### PROBLEM DESCRIPTION
A faithful copy of all the entries is required, with no pictures in it.

------------------------------

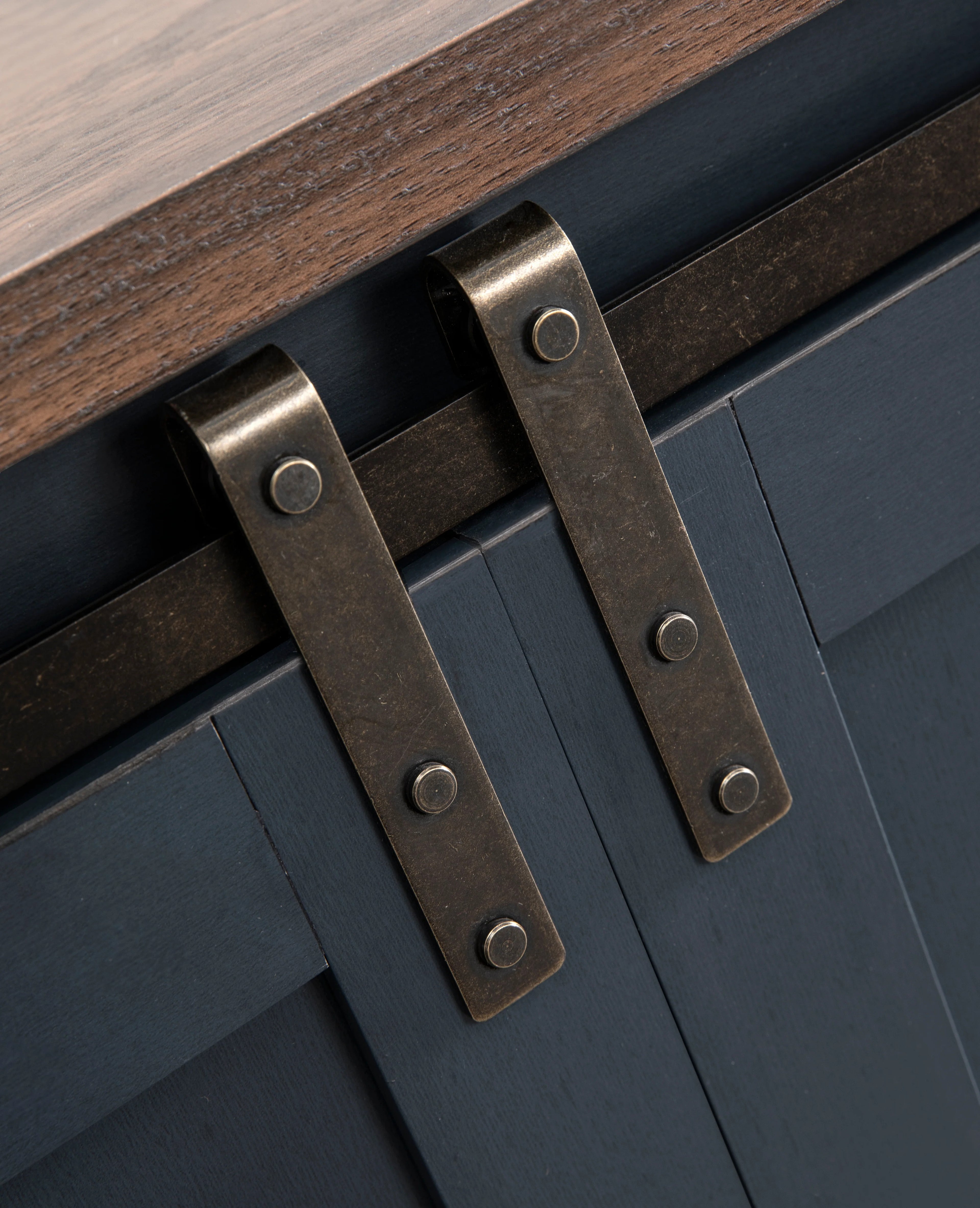 FTS20302 54" TV Stand-Navy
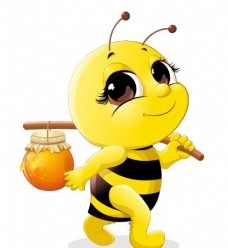 画册设计蜜蜂采蜂蜜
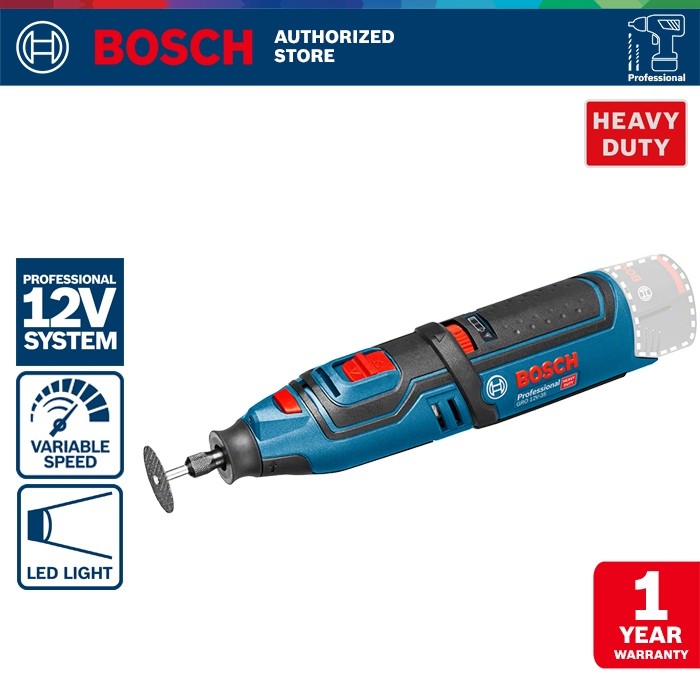Bosch Bosch Rotary Tool Cordless GRO 12V-35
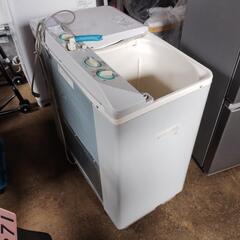 U【直接引取】AQUA　電気洗濯機　2層式　TWIN TUB WASHER35/3.5kg/家電/ハイアールアクア/レトロの画像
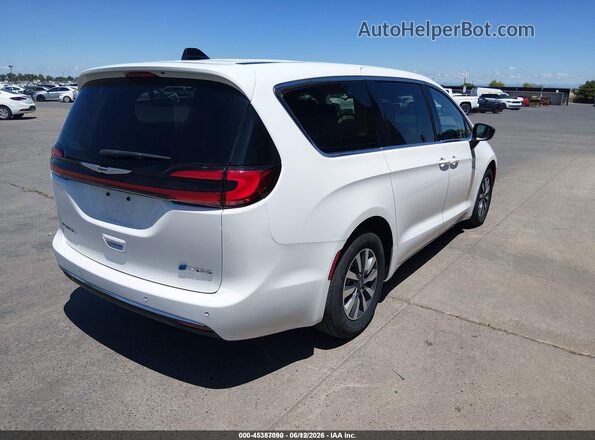 2C4RC1S7XRR126934 2024 CHRYSLER PACIFICA Белый Задняя правая четверть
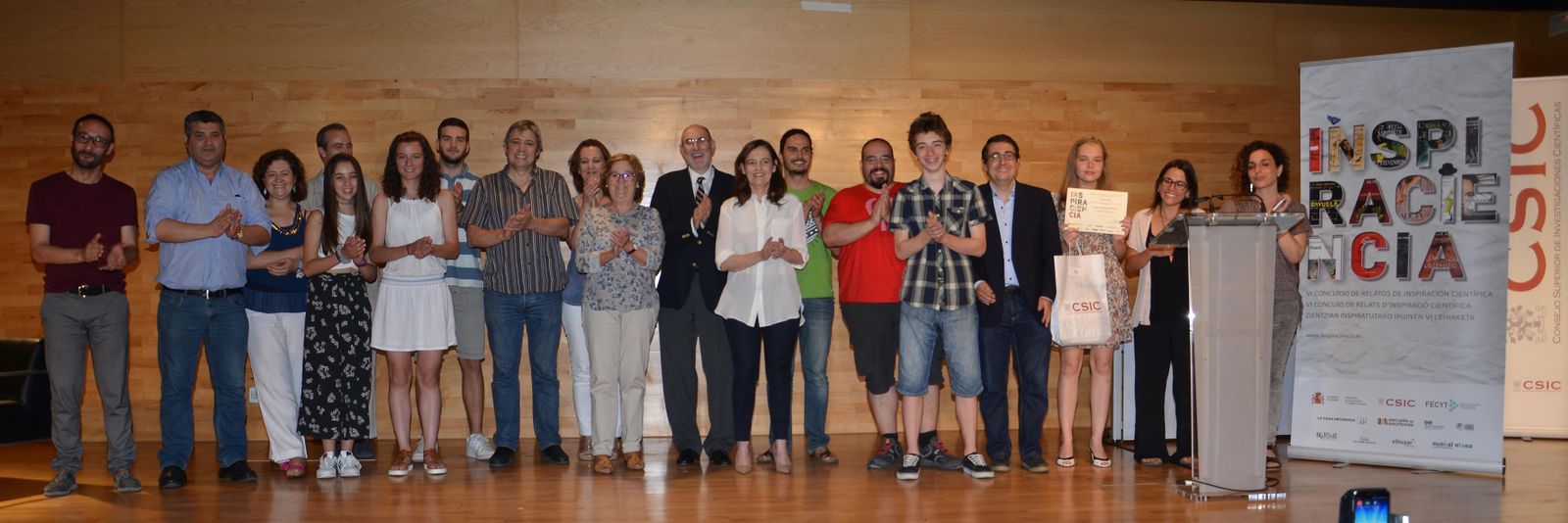 Participantes de la edición pasada.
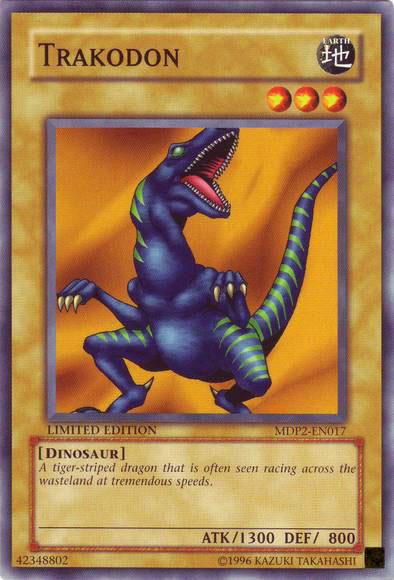 Trakodon [MDP2-EN017] Common - Josh's Cards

------------------------------

### ANSWER TO THE EXERCISE
 FTS20302 54" TV Stand-Navy
 画册设计蜜蜂采蜂蜜
Bosch Bosch Rotary Tool Cordless GRO 12V-35
 U【直接引取】AQUA　電気洗濯機　2層式　TWIN TUB WASHER35/3.5kg/家電/ハイアールアクア/レトロの画像
 2C4RC1S7XRR126934 2024 CHRYSLER PACIFICA Белый Задняя правая четверть
 Participantes de la edición pasada.
 Trakodon [MDP2-EN017] Common - Josh's Cards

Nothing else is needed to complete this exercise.